In 2018, a set of MiFID II regulations came into play, resulting in the emergence of a new set of FX markets characteristics.
Subsequently, the functioning of FX markets is being shifted, with MiFID rules combining with other industry dynamics.
Buy and sell FX professionals are being significantly impacted by a relentless push for automation, new regulated trading venues, and best execution requirements. FX liquidity now varies by instrument and geographic location, along with the trend of regulatory driven FX fragmentation that currently exists. There’s now a change in the status quo of a once global, over-the-counter and unregulated market.
FX trading venues
Participants on the buy and sell side of the market would have to decide on where they provide and source FX liquidity. Regulations would be perceived by some to increase costs, while others might find them encouraging transparency. Most buy-side institutions might decide to move from their jurisdiction, so as to circumvent these regulations.
Choice of derivatives
The trends in peoples’ choice of derivatives would likely remain the same, although newly regulated trading venues would surely influence participants’ location of FX trade in 2018. Keep a look out for features such as exchange-traded FX futures, as well as swaps and forwards, which would indicate continued growth in traditional OTC FX instruments.
Irrespective of these new regulations, these instruments will remain attractive, with their unique qualities such as clearing for futures and broken dates in OTC.
Transaction cost analysis
Substantial changes in trading workflows would be introduced by the adoption of new voluntary FX Global Code and new best execution requirements. Justifying liquidity decisions would increasingly continue to be traced back to the buy-side, while best execution practices would have to be established by many companies, either by regulations or due to the FX Global Code.
Banks would also need to provide services in FX liquidity, which would now have to include transparent reporting tools, necessary to demonstrate how prices are compiled for clients.
Also, buy-side firms would need to examine selection criteria and counterparty relationships, whilst looking more closely at their trading process. Those with many counterparties could need to consolidate to drive efficiency, while companies with fewer counterparties would need to expand to trade more, as a result of the increased scrutiny.
FX technology solutions
When accessing and distributing FX liquidity, institutions will have to rely heavily on technology solutions to drive efficiency, as a result of intense cost pressures across the industry. New regulations would therefore relentlessly drive the need for automation across trading workflows. The small portion of FX traded over the phone would also be influenced by increased requirements for transparency.

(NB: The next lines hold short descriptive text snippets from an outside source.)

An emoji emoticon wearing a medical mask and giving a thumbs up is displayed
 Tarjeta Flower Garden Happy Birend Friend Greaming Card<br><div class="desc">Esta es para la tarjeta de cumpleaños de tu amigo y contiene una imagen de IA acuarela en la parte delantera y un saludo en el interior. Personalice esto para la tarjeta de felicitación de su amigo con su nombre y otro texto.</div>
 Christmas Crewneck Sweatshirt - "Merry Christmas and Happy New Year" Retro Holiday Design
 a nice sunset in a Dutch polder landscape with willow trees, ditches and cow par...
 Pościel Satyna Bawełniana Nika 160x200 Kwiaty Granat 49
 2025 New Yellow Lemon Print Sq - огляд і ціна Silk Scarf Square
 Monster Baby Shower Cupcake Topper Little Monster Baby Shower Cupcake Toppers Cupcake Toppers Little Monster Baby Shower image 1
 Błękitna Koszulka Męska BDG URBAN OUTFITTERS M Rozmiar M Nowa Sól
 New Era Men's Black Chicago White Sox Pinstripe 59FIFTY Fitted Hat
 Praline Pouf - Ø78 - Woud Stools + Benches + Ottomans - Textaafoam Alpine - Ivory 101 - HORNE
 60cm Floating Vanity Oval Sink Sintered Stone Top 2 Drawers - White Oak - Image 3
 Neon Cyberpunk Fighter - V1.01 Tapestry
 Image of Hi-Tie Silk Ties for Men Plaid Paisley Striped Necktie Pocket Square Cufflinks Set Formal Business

Many participants might need to rely on platforms, which would allow users to easily access off-venue and regulated liquidity pools through a single interface. The evaluation of effectiveness and trade decisions would subsequently require data and analytical tools.
There would soon be an increased use of execution algorithms, as trade decisions become more and more automated over time. Traders would also evolve in their own roles, as they would need to learn how to monitor and optimise automated transaction flow. They could also profit from price fluctuations in multiple global markets via binary options. Here are a few Binary Options Trading Tips which might come in handy.
Ready for change
It’s no news that markets have been able to adjust to new regulations in the past. The new unprecedented changes in FX markets in 2018 are not expected to be any different. Participants would adjust to the new characteristics without any decrease in the importance or size of FX markets.